While I admonish our own American preconceptions to automatically assume the male at fault in a domestic violence incidents, it is even more troubling for me to see the handling of a case like Barbera’s end with such a resolution, knowing full well that there are likely thousands more that will occur this year without such a high level of public scrutiny.
In the end, Barbera’s arrest and sentencing with his girlfriend speaks to a larger cultural issue in Spain regarding misogyny, and while much of that is outside what one would expect from a motorcycle publication such as ours, and easily goes beyond the microcosm of the MotoGP paddock — we have to remember the criticism that Grand Prix motorcycle racing very much so is Spain at this point in time. We like to pretend that our passion of motorcycling doesn’t exist in the dramas of real life, but in earnest, the truth is the other way around.

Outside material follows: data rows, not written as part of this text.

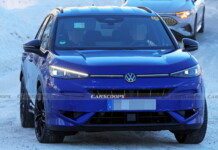 Volkswagen готовит новое поколение «заряженного» кроссовера T-Roc R. Прототип сняли на фото почти без камуфляжа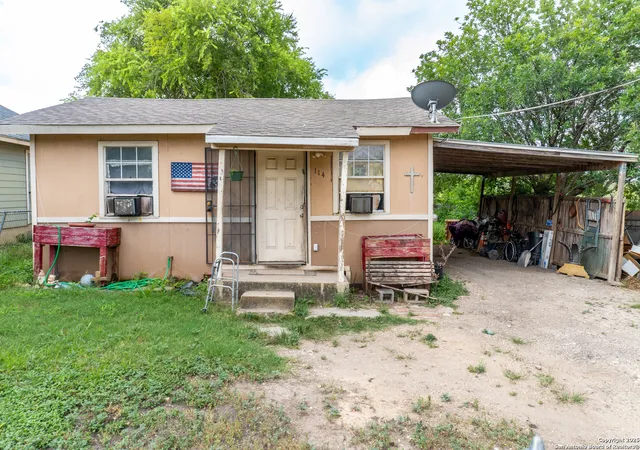 Photo 1 of Sale Pending at 114 Tellez, San Antonio, TX 78228 | MLS# 1887996 | Listing updated on 2025-10-28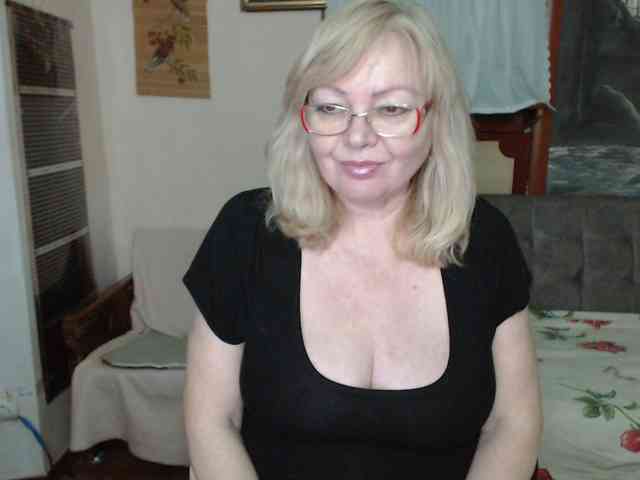 EvelynLoveShy webcam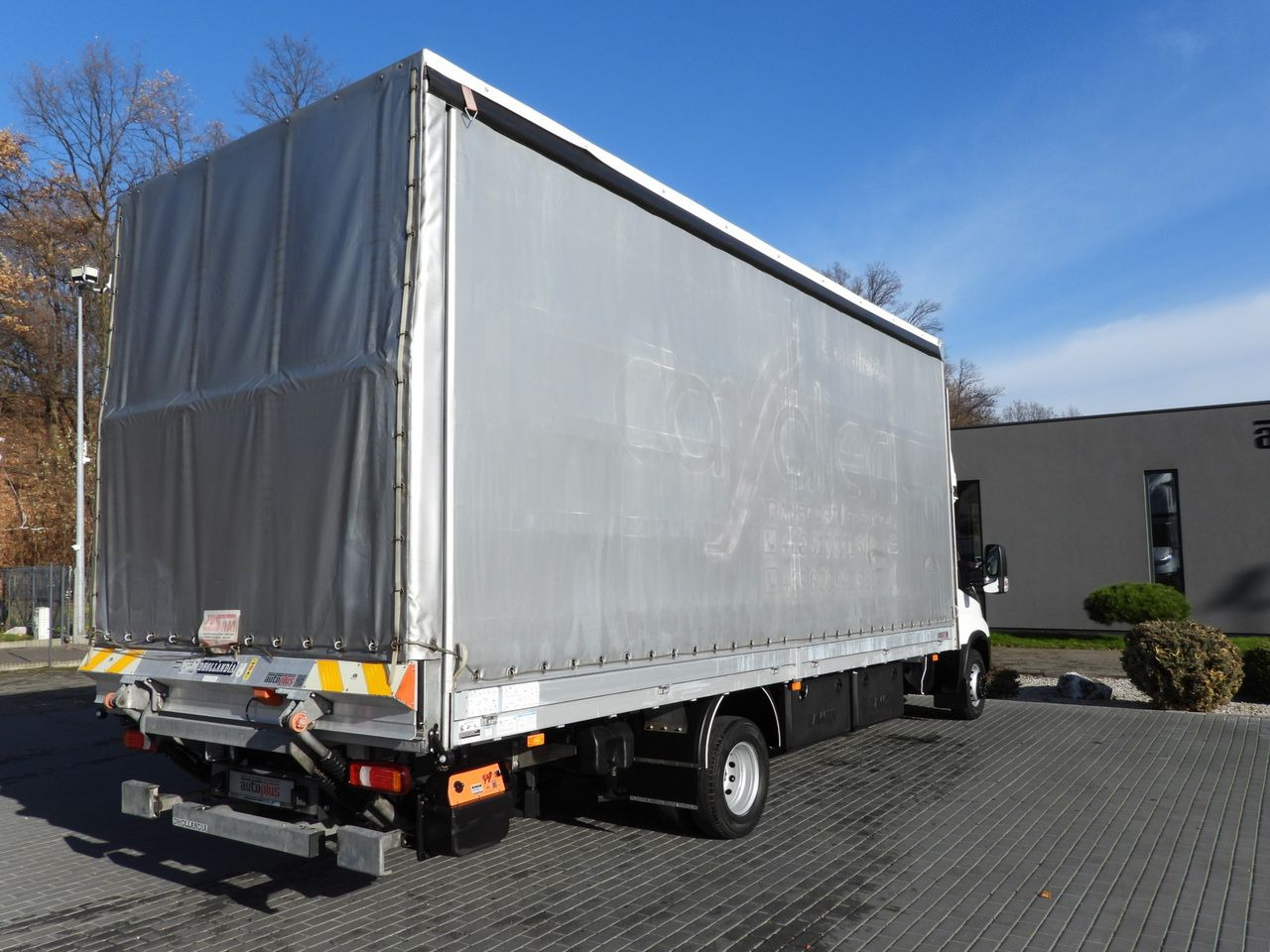 IVECO DAILY 70C18 TARPAULIN LIFT 16 PALLETS WEBASTO CRUISE CONTROL NAVIGATION LED LIGHTS PNEUMATICS AUTOMATIC TRANSMISSION HI-MATIC TWIN WHEELS AIR CONDITIONING 180HP - Plachtové nákladné vozidlo: obrázok 3 IVECO DAILY 70C18 TARPAULIN LIFT 16 PALLETS WEBASTO CRUISE CONTROL NAVIGATION LED LIGHTS PNEUMATICS AUTOMATIC TRANSMISSION HI-MATIC TWIN WHEELS AIR CONDITIONING 180HP - Plachtové nákladné vozidlo: obrázok 3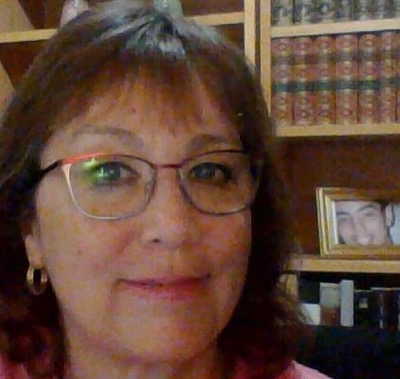 Laraine Holt, HSC RYT RPN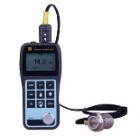 測量范圍：5.0mm～40.0mm（鑄鐵）5～300.0mm（鋼）;顯示分辨率：0.1mm;測量精度：±（1%H+0.1）mm H為被測物實際厚度;適合測量金屬、塑料、陶瓷、玻璃及其他任何;超聲波的良導(dǎo)體的厚度

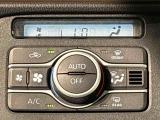 車内空調は&rdquo;AUTOエアコン&rdquo;にお任せ。運転に集中出来ますよ!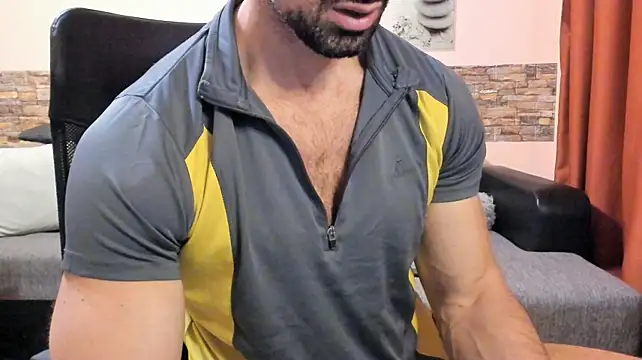 دردشة HotHunkTrainer الجنسية المباشرة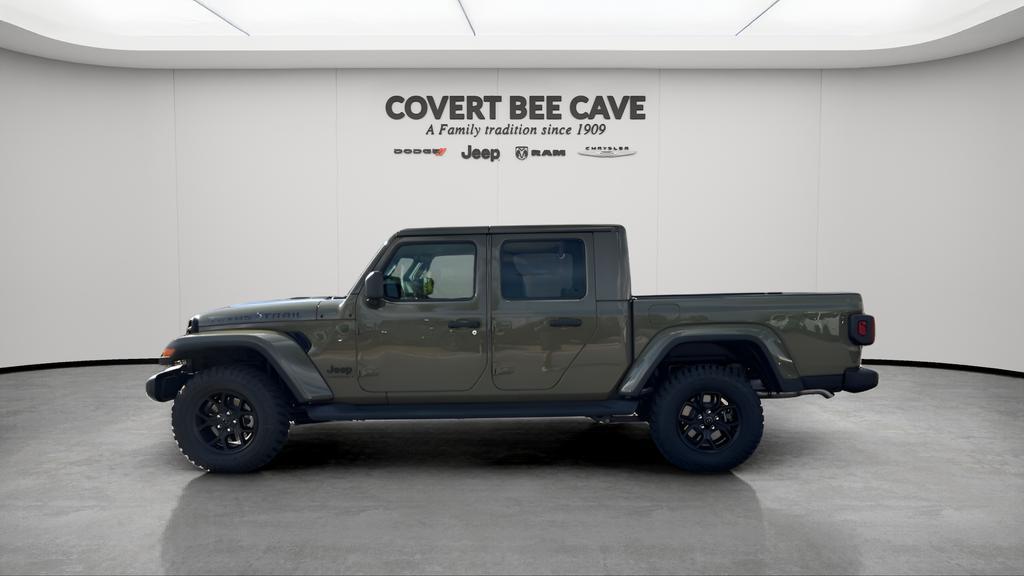 new 2025 Jeep Gladiator car, priced at $44,205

When I think about how this sport reacts to an event like Barbera’s, and what that says about us as a two-wheeled community, I think too to what my good colleague David Emmett pointed out upon hearing the news of Barbera’s arrest and sentencing. “So I asked about homophobia in the paddock, and had one person deny that they had ever noticed homophobia or misogyny in the paddock. Then a rider gets arrested for beating up his girlfriend. Connect the dots.” Barbera’s statement is below, for your dot-connecting.
Valencia, 12th May 2013
After all the facts happened yesterday, Hector Barbera would like to provide his own version to clarify to all media communication the way they really occurred.
Hector Barbera’s declaration:
About the information that have been published in different press media , I want to clarify with this communication how the facts occurred in the night of the 9th of May.
I obviously do not feel proud at all of what happened, and I want to express my apologizes to all people, specially to my family, my friends and sport team members.
In this procedure, I must assume my duties and responsabilities, but, I feel myself (as also stated the Court) as a attacked and affected part.
After the opportune denouncements, we strictly follow the protocol marked by the law for that kind of facts. Once in the Court, both parts declared and were visited by the medical examiner, who certified the injuries I had. In any case and been respectful I renounce to provide more details about this. Lately both parts accepted the Jerez Court resolution.
Me and my previous couple have accepted immediately this Court resolution as an attempt to conclude not only with this legal procedure but also with the unfair social and media treatment I have suffered undeservedly with opinions and statements which are far away from reality, all based in rumors not verified.
In my family we are three kids, two girls and one boy, we grown together, learning the values of respect, fairness and love, I would never think on hurting or damaging any person, no matter woman or men. I am firmly against any type of mistreatement or abuse to anyone.
To me this matter is now definitely closed forever and just want to dedicate all my efforts to my sport career as I have been doing till now. I refer to my Press and legal advisors if required.